--- START ---

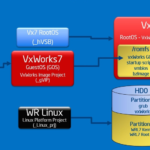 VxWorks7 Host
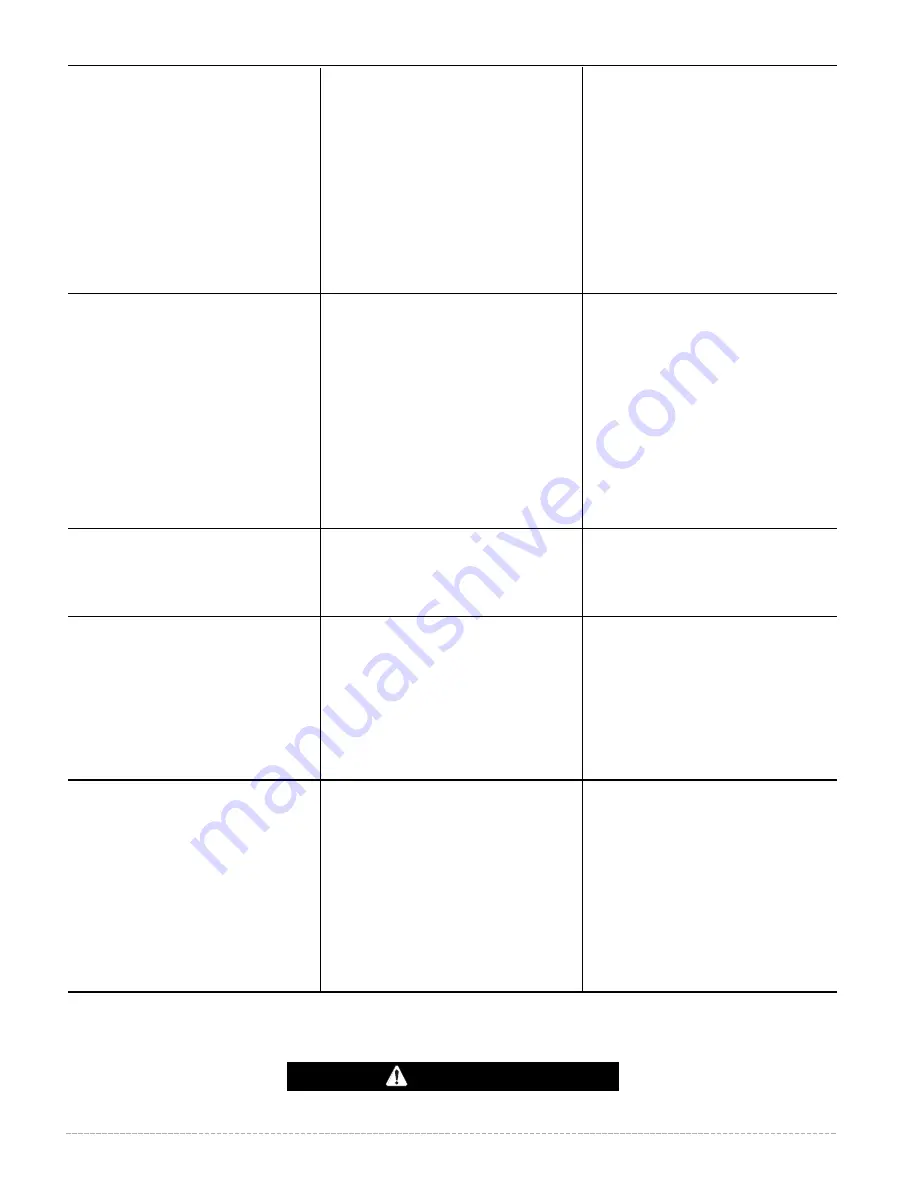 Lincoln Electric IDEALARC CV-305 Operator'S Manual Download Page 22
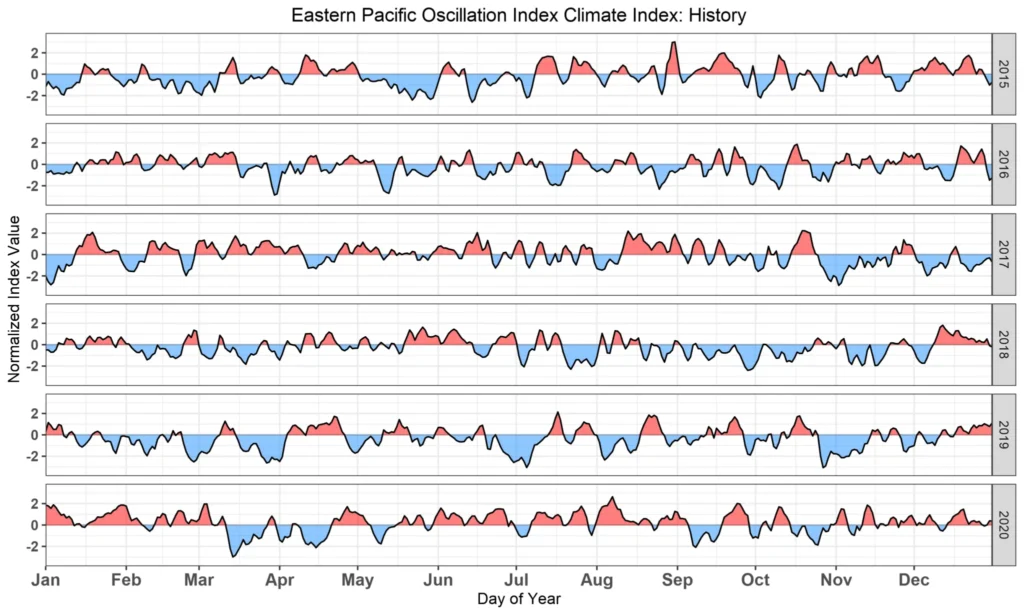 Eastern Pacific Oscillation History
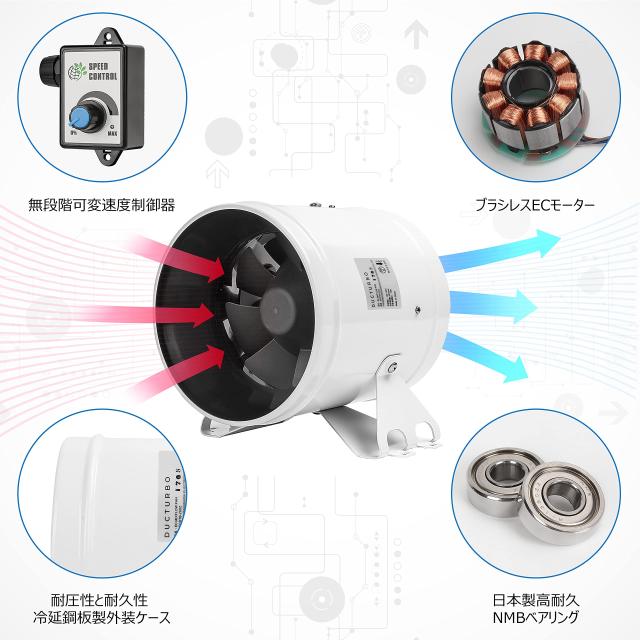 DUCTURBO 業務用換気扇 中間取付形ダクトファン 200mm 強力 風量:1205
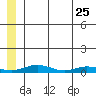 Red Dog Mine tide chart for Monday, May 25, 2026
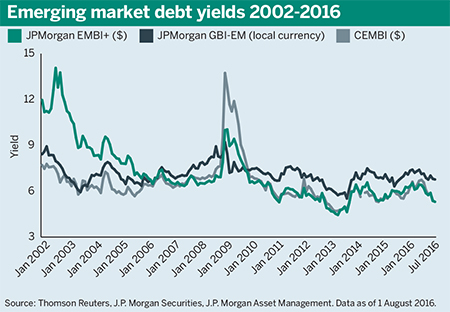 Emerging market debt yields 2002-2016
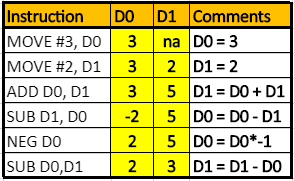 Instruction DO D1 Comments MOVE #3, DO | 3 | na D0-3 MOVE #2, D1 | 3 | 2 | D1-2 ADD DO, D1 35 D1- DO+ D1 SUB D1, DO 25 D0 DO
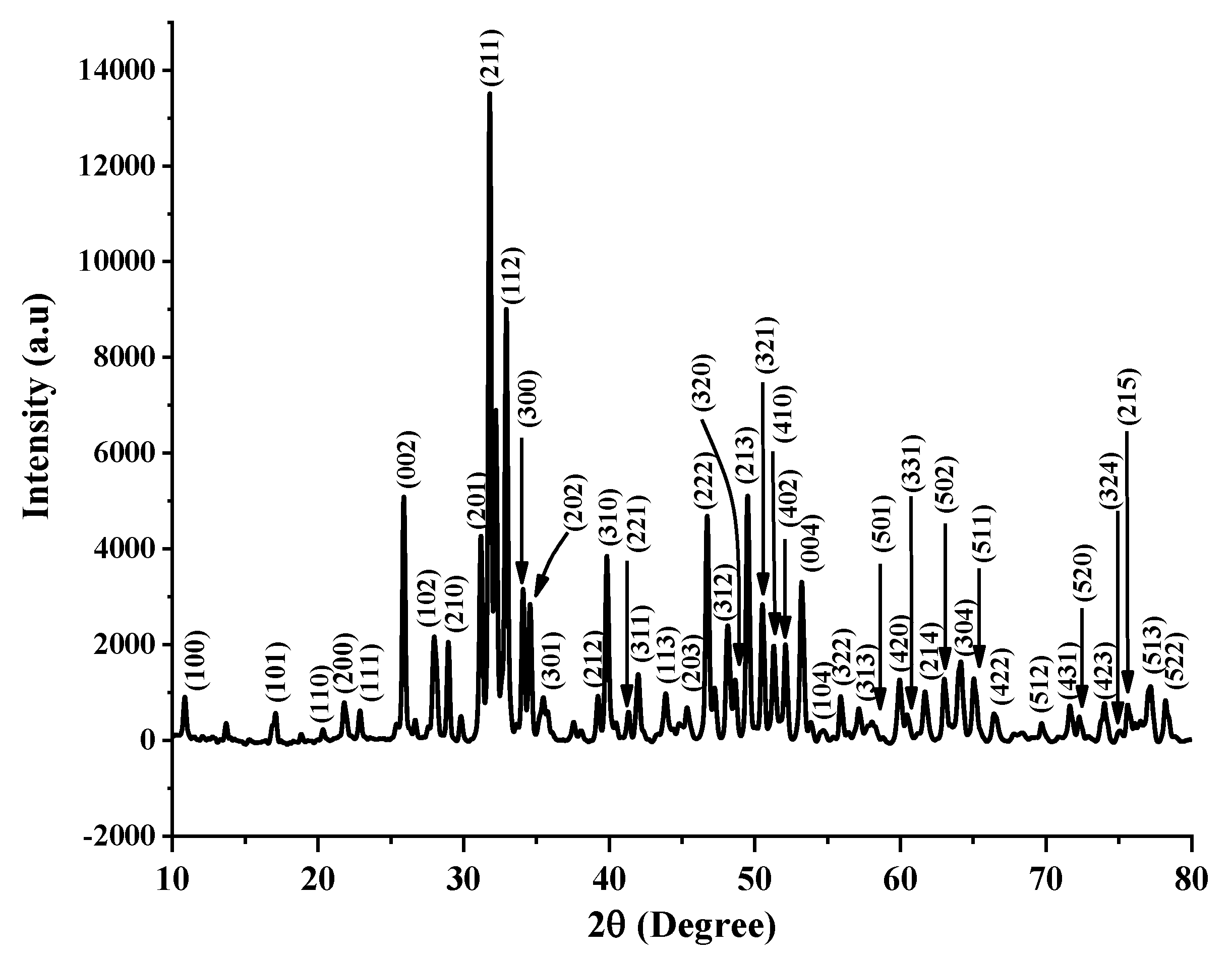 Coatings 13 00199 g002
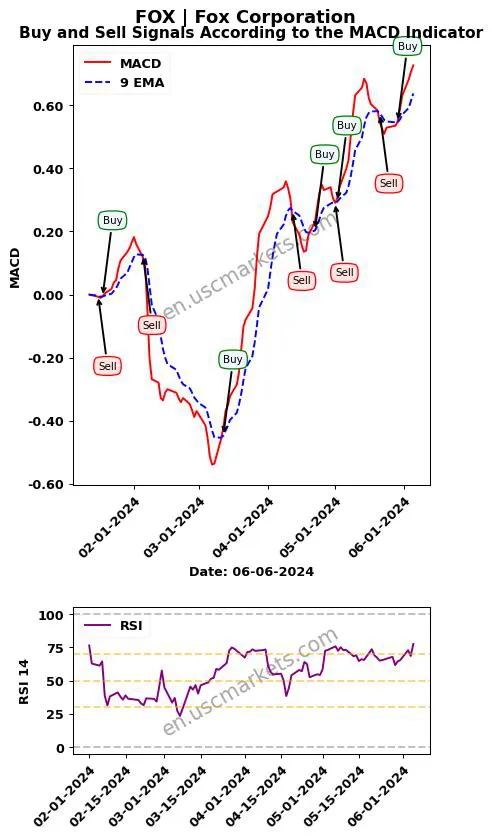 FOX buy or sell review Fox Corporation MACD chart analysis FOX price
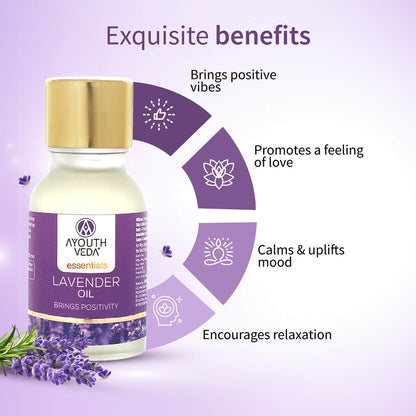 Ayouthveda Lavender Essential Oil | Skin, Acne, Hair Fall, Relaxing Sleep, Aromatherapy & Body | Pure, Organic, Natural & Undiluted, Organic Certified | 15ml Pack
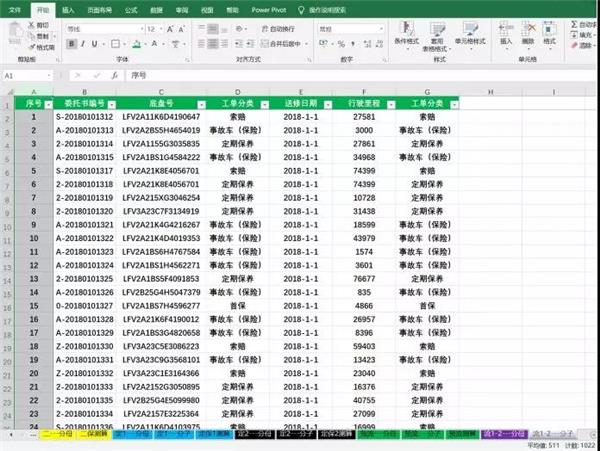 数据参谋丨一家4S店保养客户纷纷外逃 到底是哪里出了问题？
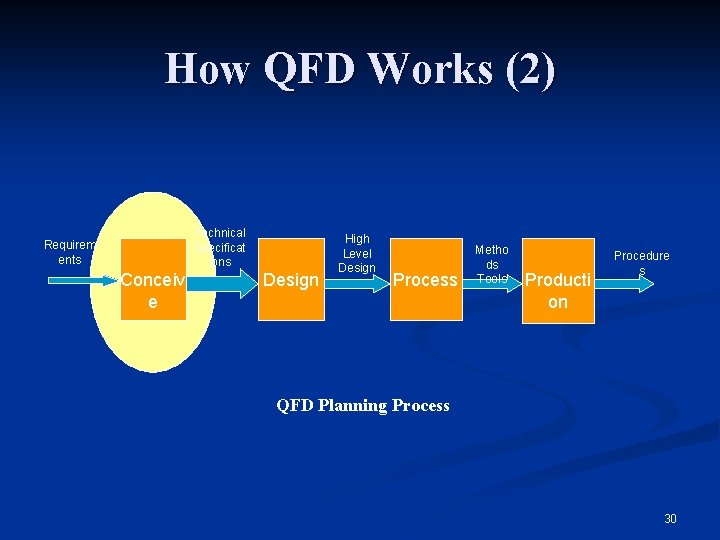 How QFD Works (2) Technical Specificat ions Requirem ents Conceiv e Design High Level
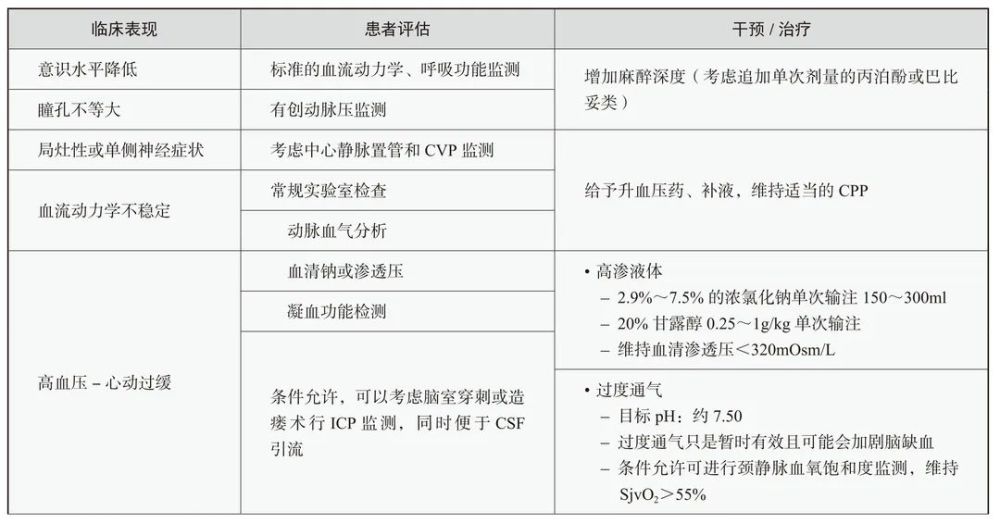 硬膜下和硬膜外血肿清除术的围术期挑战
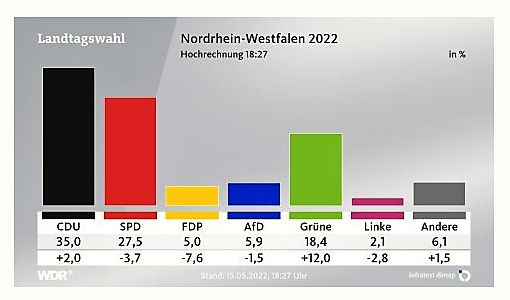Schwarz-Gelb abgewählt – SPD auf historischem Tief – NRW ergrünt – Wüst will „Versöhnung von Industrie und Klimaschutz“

--- END ---

Instructions to follow:
Using the entries above, transcribe every line from the line containing "Instruction DO D1" through the line containing "硬膜下和硬膜外血肿清除术的围术期挑战". Do not copy pictures.

Written response:
 Instruction DO D1 Comments MOVE #3, DO | 3 | na D0-3 MOVE #2, D1 | 3 | 2 | D1-2 ADD DO, D1 35 D1- DO+ D1 SUB D1, DO 25 D0 DO
 Coatings 13 00199 g002
 FOX buy or sell review Fox Corporation MACD chart analysis FOX price
 Ayouthveda Lavender Essential Oil | Skin, Acne, Hair Fall, Relaxing Sleep, Aromatherapy & Body | Pure, Organic, Natural & Undiluted, Organic Certified | 15ml Pack
 数据参谋丨一家4S店保养客户纷纷外逃 到底是哪里出了问题？
 How QFD Works (2) Technical Specificat ions Requirem ents Conceiv e Design High Level
 硬膜下和硬膜外血肿清除术的围术期挑战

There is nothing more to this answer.